The first year of University is potentially not going to be the best year of your life.
Yes, you heard me, the saying that “your university years are going to be the best of your life” is not always true.
Don’t get me wrong, you may find that first year is the best of your life, but in my experience it wasn’t in many ways.
No one prepares you for the immense changes that you’re going to go. Moving away from home, controlling your own learning, making friends from scratch, taking care of your own health and money management (the worst part).
I remember being ready to leave school to move to York and begin University. I’d been at the same school from Year 7 to Year 13 and while I loved the friends I’d made there and the experience as a whole, I had outgrown the school environment from probably about Year 11.
I found first year became a challenge after the novelty wore off in second term. I realised I would need to work as well as socialise as I received pretty ruthless feedback on some frankly awful essays.
I had no urge to make it to 9am’s and even when I did I found the lectures weren’t worth it and I could have worked better by myself back in my room. However that was one of my biggest problem: I spent a lot of time in my room.
My room was your standard, functional, university campus style room with an ensuite (no complaints there). I made it my own room with photographs, inspirational quotes, bedding, etc. but it never feels like your own space as you can walk along your corridor into your friends room and see an identical version of your own.
I found my first year room isolating as once the heavy slamming fire door was shut I was alone.
Also I did go out and do things, but most of the time it was socialising or working in the library as I only had 7 hours contact a week last year. I did have to 20 set books a term though (not that I managed to read them all).
Anyway, first year will be pretty varied, one minute you feel you’ve cracked it and university is for you, the next you’re crying while watching Netflix with the chicken nuggets you had left over from last nights take away.
So, here are my top tips for getting through the first year of university:
Go to Fresher’s Fair and sign up for too many societies.
This may seem like a really obvious tip, but I went to Fresher’s fair slightly later in the day with some of my flat mates, and I wanted to go through and sign up to different things as I had intended to before arriving.
Instead we just got free pizza and wandered around aimlessly, signing up to things here and there.
In second year I signed up for far more at Fresher’s fair, just as even if you don’t end up doing all of them, or you find that dance-yoga-juggle to Taylor Swift isn’t actually for you then you’ve lost nothing. It’s just fun ways to meet lots of different people.
Leave your room/flat at least once a day.
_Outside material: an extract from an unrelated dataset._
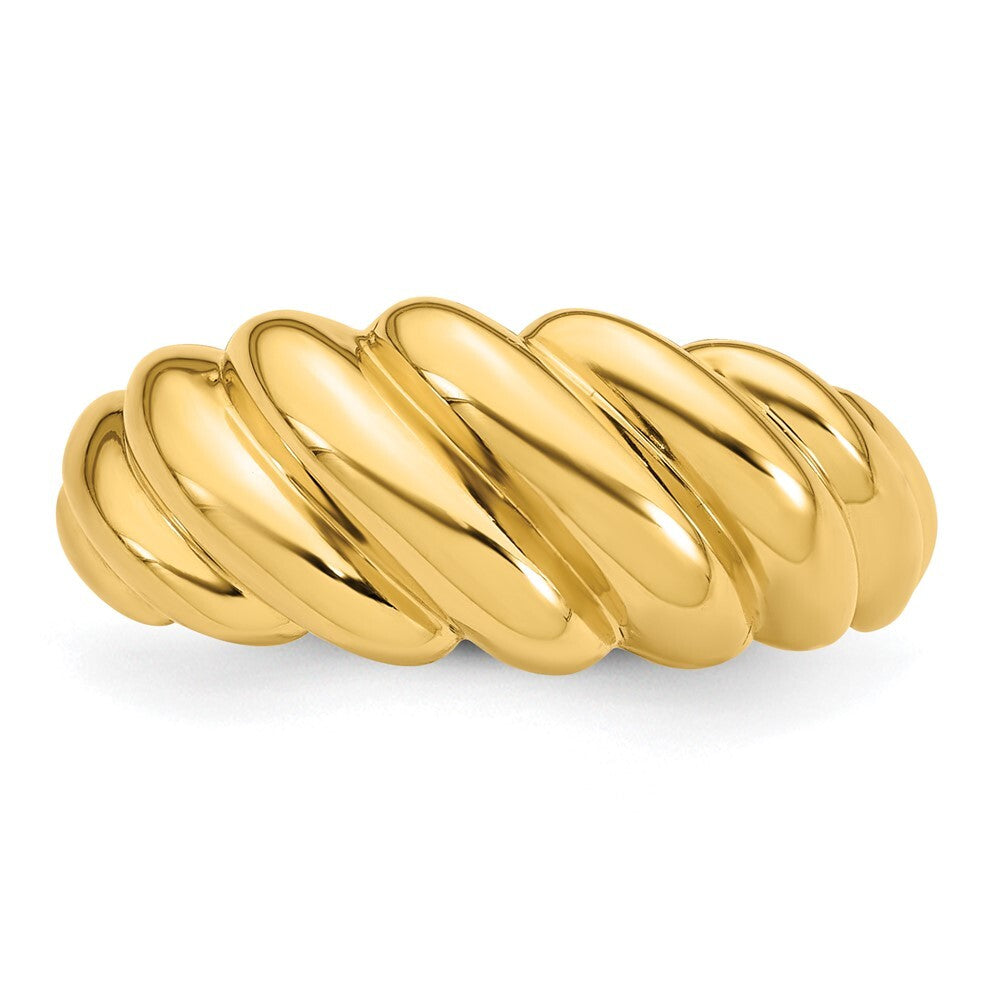 14K Yellow Gold Polished Twisted Domed Ring Size 7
Staring at the same four walls is never going to be healthy for you, even if you are hungover and need to sleep at least leave your room once to go to the kitchen. If you’re feeling more adventurous then get the bus into town with your friends, or just talk a walk on campus to your friends flat so you’re out and doing something.
Be kind to yourself.
If things don’t go the way you planned then don’t beat yourself up – whether that’s grades, work, friends, societies – don’t be disheartened if university life doesn’t go the way you thought it would straight away.
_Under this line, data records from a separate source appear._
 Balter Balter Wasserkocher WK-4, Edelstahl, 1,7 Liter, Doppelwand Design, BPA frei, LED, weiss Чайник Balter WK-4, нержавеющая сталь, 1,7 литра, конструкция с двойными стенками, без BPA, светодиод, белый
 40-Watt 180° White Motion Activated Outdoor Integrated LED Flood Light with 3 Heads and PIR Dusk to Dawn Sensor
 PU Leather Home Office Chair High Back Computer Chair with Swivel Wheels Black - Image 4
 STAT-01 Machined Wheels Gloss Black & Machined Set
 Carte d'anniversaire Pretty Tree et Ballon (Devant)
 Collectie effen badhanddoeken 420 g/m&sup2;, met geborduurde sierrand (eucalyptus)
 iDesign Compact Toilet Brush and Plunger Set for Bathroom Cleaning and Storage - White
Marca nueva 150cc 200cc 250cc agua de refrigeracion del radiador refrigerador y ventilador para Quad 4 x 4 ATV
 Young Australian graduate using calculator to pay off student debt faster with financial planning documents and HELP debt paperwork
It will either work itself out, or you’ll end up finding something better than you originally expected and embrace that.
Everyone is in the same boat.
You miss your family, you miss someone cooking for you, you’re not sure the course or university or the accommodation is right for you. Shall I continue? You miss friends from home, your grades aren’t going well, the work is hard and you thought you could drink a lot, but everyone can drink you under the table. Honestly everyone will have at least one thought or feeling that you do.
You won’t be a fresher forever.
Next year you will know exactly what’s going on and have friends to support out. There’s a lot more to be certain of once you’ve got through first year and I personally found that comforting.
Also, your following years will count towards your end grade so go out and socialise more than you normally would, and worry less about your work. Basically take a go hard or go home approach to everything. I did and it was great, exhausting, but great.
Use social media to find potential friends at University.
After my previous post about how bad social media can sometimes make you feel (you can read it here) I have to say this is probably the most important tip.
Universities are brilliant at using social media to inform you about societies, fresher’s week, your accommodation, your college or university set up. Before I came to university I had spoken to 10 out of my 12 flat mates for several weeks before arriving, so I had an idea of who everyone was.
I also found people on my course who lived either in my college or nearby colleges and that started a group chat (everything you do at uni will have a group chat).
Message your seminar pals
I’ve also found that sending a FB message to someone in your seminar or society can make a HUGE difference. If you’re anxious or awkward about making new friends in person, or if it reaches second term and everyone has already consolidated friendships and you feel like you haven’t.
You will bond over the fact that you haven’t done the reading, you don’t know what you’re doing and you’re not sure where your student loan has gone.
Make friends with your flatmates
You new flatmates are your new family. Get to know them, make an effort, get them out of bed when they cba, they’ll thank you for it later. It’s an amazing and unique experience living with brand new people and the friendships you form will create brilliant, mad and ridiculous stories that you will tell for years to come.
How was your first year at University?